● GIVEN INFORMATION:
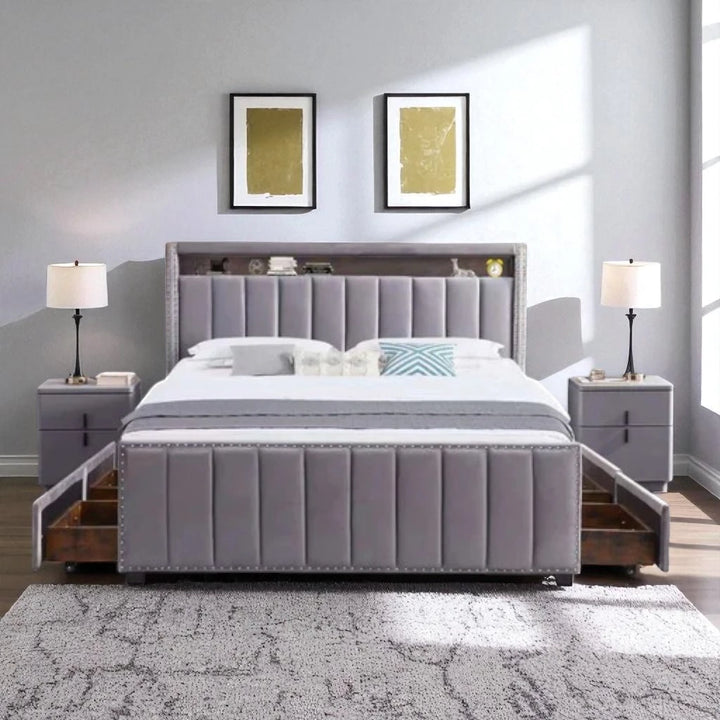 Poppy Fabric Upholstered Platform Bed Frame With USB Charging Ports & Smart Storage - Grey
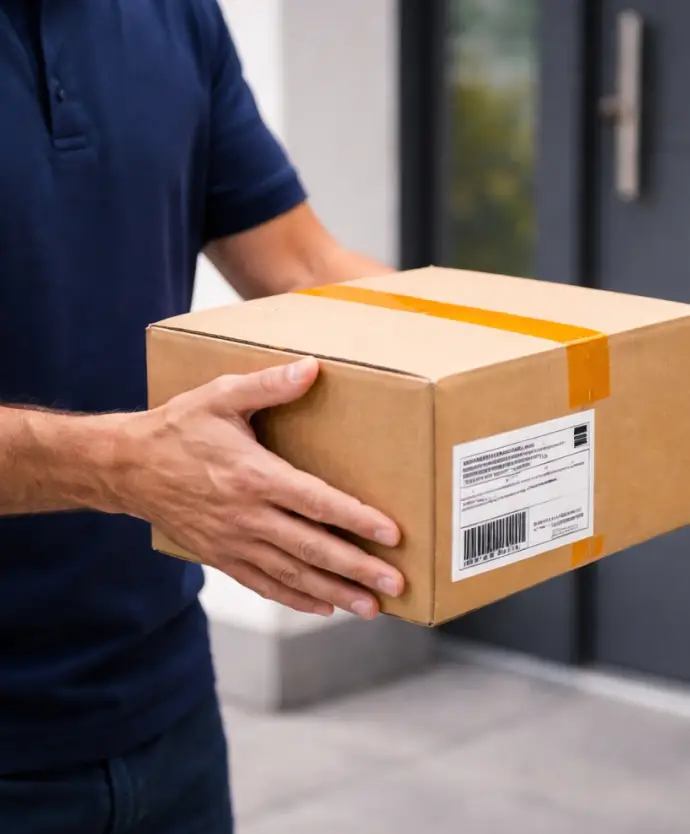 Lieferant übergibt ein Paket an eine KNOBLOCH Paketbox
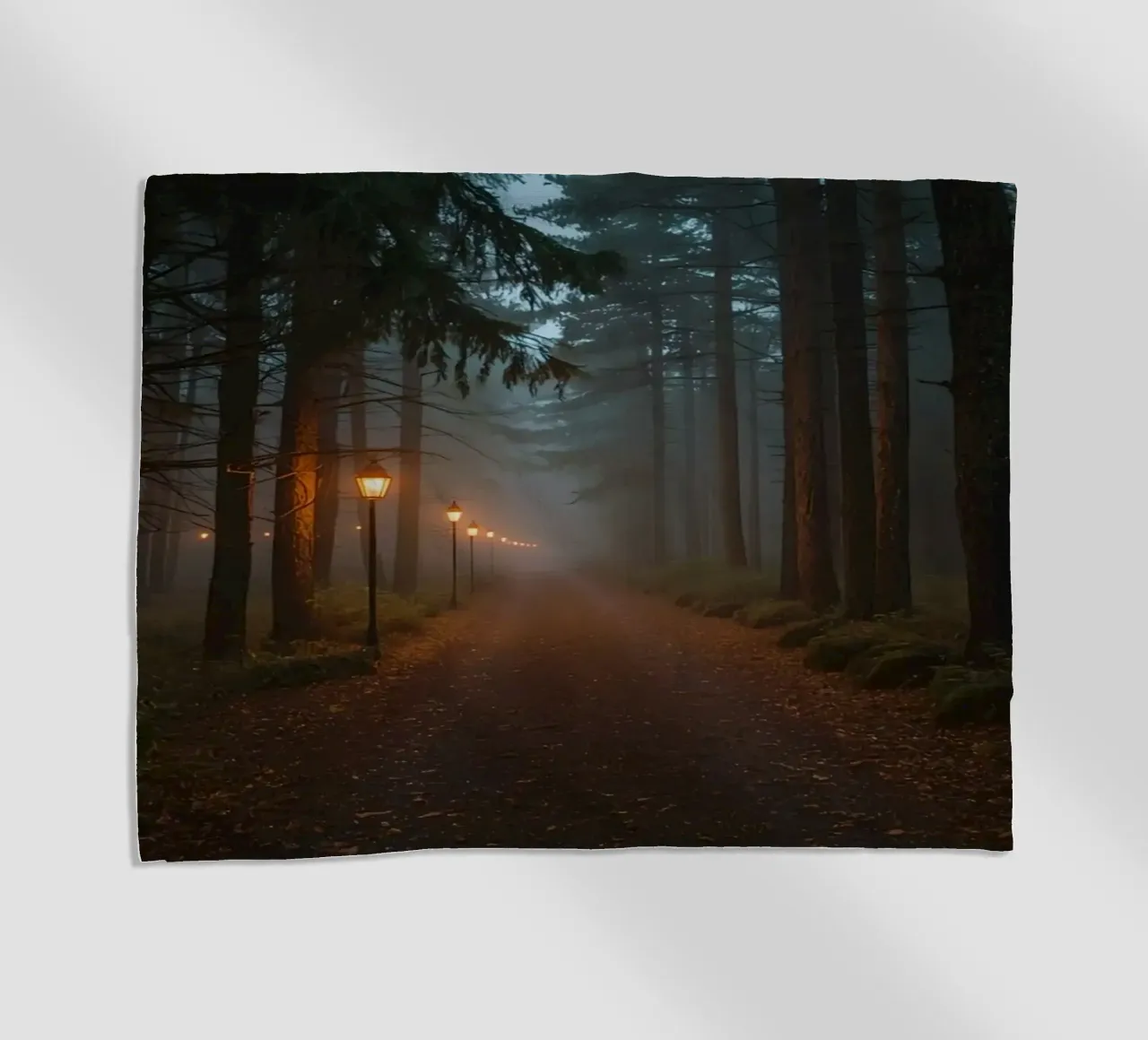 Dark Forest Path with Lanterns in Mist beach towel by DesignDoodle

● EXERCISE REQUIREMENTS:
Exclude the images and reproduce the remaining data exactly.

● ANSWER BELOW:
 Poppy Fabric Upholstered Platform Bed Frame With USB Charging Ports & Smart Storage - Grey
 Lieferant übergibt ein Paket an eine KNOBLOCH Paketbox
 Dark Forest Path with Lanterns in Mist beach towel by DesignDoodle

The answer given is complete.